SOURCE DATA =
===

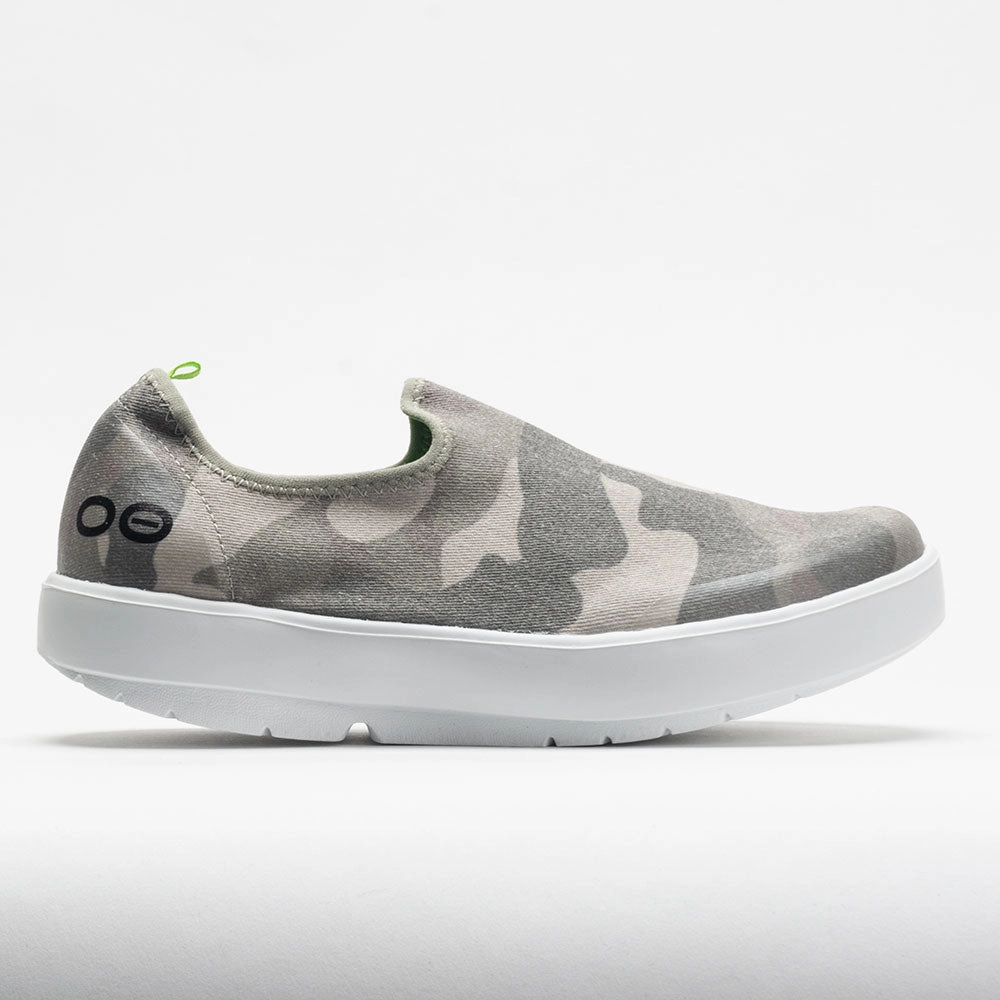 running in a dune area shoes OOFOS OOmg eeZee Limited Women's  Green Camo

===

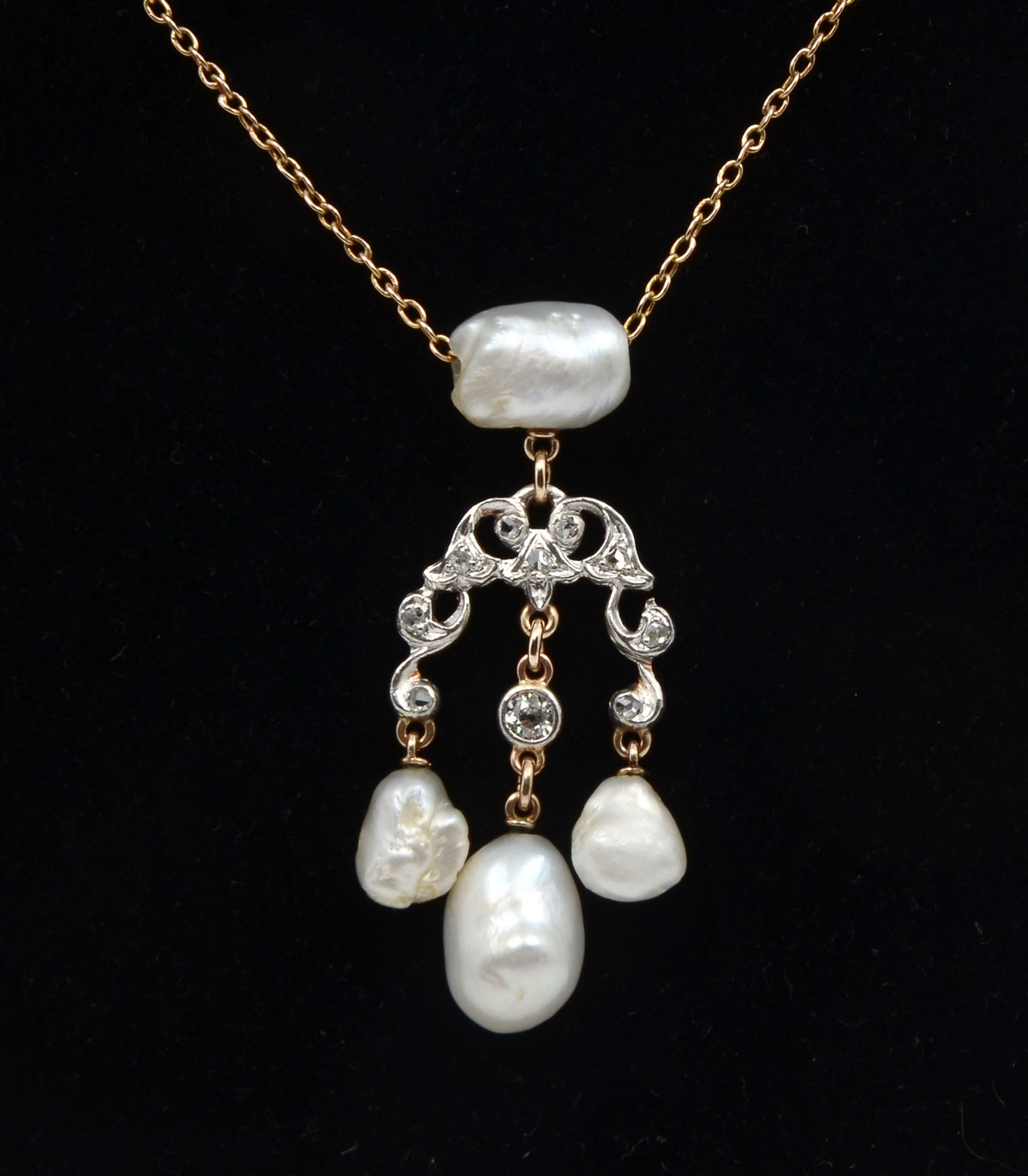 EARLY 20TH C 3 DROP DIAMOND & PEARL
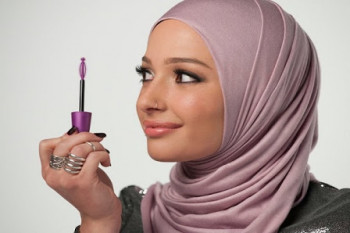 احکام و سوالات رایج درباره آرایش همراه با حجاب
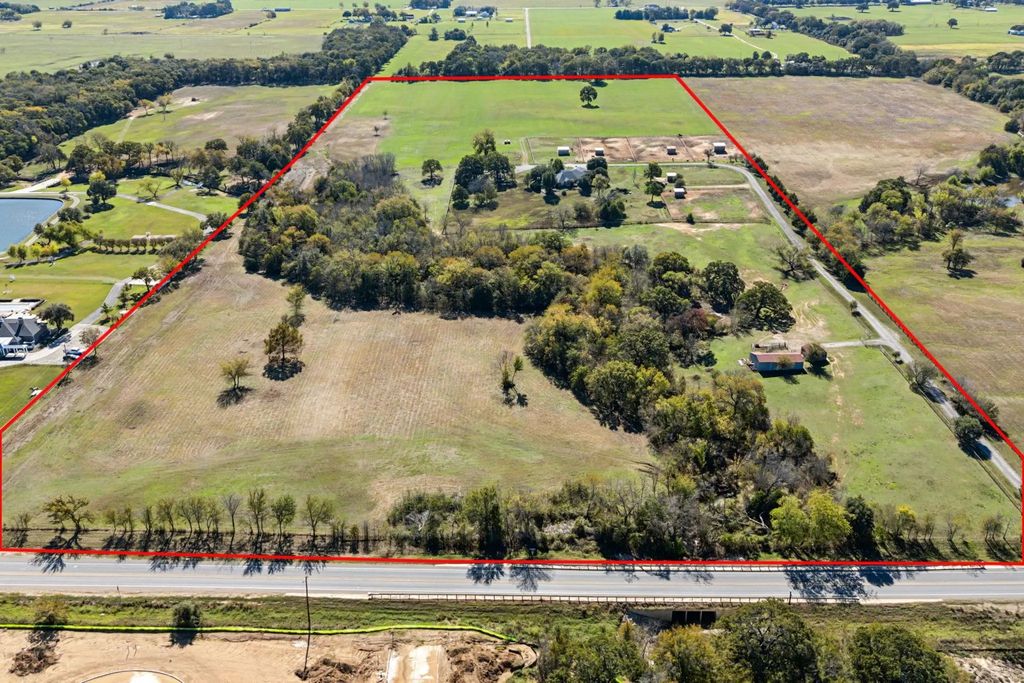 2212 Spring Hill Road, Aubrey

===

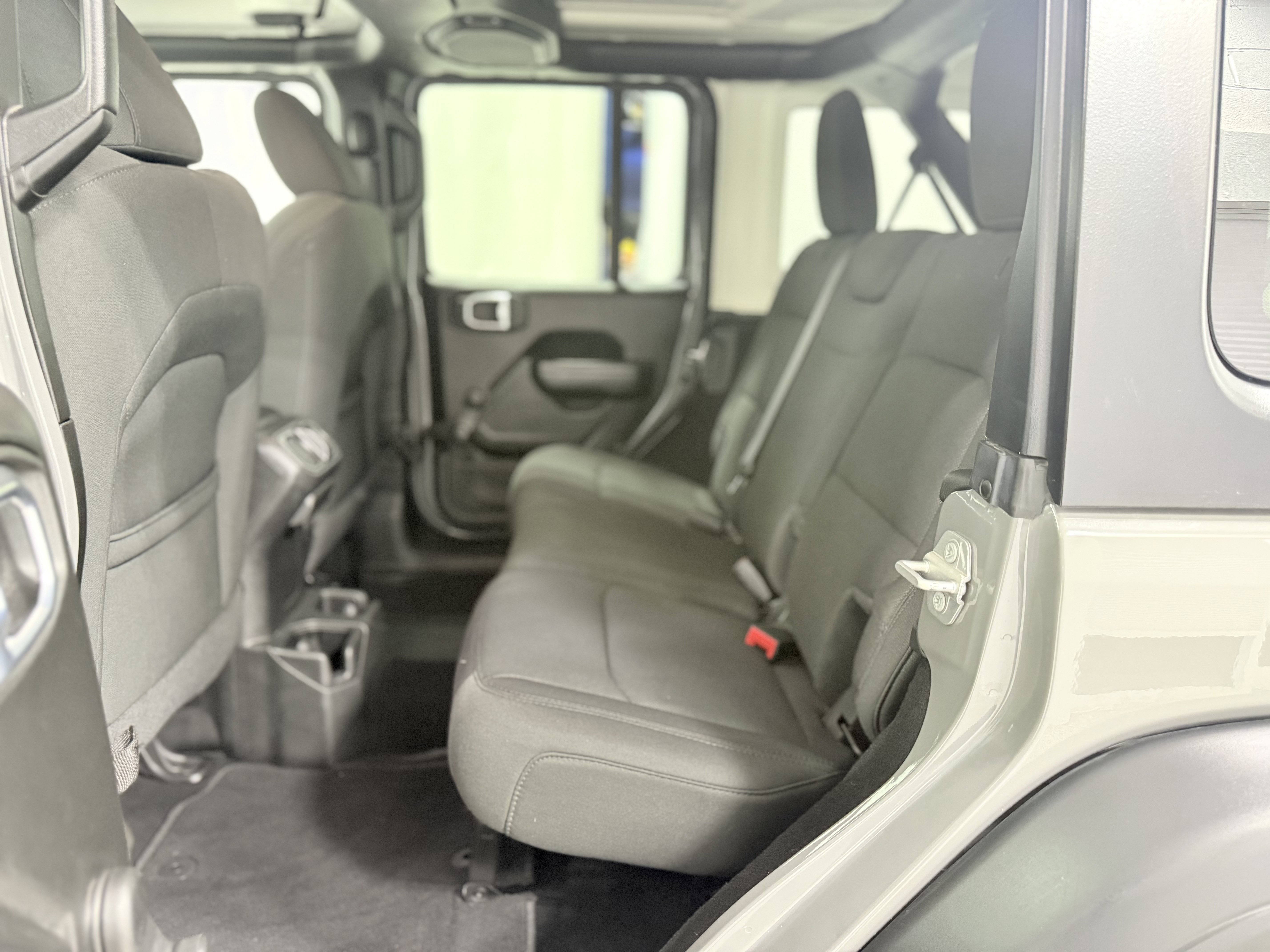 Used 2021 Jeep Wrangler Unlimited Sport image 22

===

YOUR TASK = Print exactly the lines above that run from the one with "احکام و سوالات" to the one with "2212 Spring Hill Road, Aubrey", both included. No pictures.

SOLUTION TO THIS TASK =
 احکام و سوالات رایج درباره آرایش همراه با حجاب
 2212 Spring Hill Road, Aubrey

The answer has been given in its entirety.